■ Data shown
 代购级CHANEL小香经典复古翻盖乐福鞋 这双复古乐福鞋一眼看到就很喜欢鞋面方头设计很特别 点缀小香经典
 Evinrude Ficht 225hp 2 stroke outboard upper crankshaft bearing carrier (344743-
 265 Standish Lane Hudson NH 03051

* * *

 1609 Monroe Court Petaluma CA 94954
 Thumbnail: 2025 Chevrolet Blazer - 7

---

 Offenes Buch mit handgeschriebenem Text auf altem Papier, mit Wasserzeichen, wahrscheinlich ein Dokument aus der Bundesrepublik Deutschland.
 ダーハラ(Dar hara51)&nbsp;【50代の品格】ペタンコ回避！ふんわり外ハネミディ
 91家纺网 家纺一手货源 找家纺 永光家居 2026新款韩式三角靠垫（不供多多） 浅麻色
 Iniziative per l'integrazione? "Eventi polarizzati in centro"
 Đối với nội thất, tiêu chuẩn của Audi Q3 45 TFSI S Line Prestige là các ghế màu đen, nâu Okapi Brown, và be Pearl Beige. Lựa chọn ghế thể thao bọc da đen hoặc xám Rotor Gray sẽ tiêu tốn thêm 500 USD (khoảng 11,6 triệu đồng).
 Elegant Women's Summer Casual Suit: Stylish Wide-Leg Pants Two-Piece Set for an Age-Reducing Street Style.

■ What is required
Go to the line with "Đối với nội" in the entries above and repeat every line from there through the line with "Elegant Women's Summer", exactly and with no other text.

■ Solution to this problem
 Đối với nội thất, tiêu chuẩn của Audi Q3 45 TFSI S Line Prestige là các ghế màu đen, nâu Okapi Brown, và be Pearl Beige. Lựa chọn ghế thể thao bọc da đen hoặc xám Rotor Gray sẽ tiêu tốn thêm 500 USD (khoảng 11,6 triệu đồng).
 Elegant Women's Summer Casual Suit: Stylish Wide-Leg Pants Two-Piece Set for an Age-Reducing Street Style.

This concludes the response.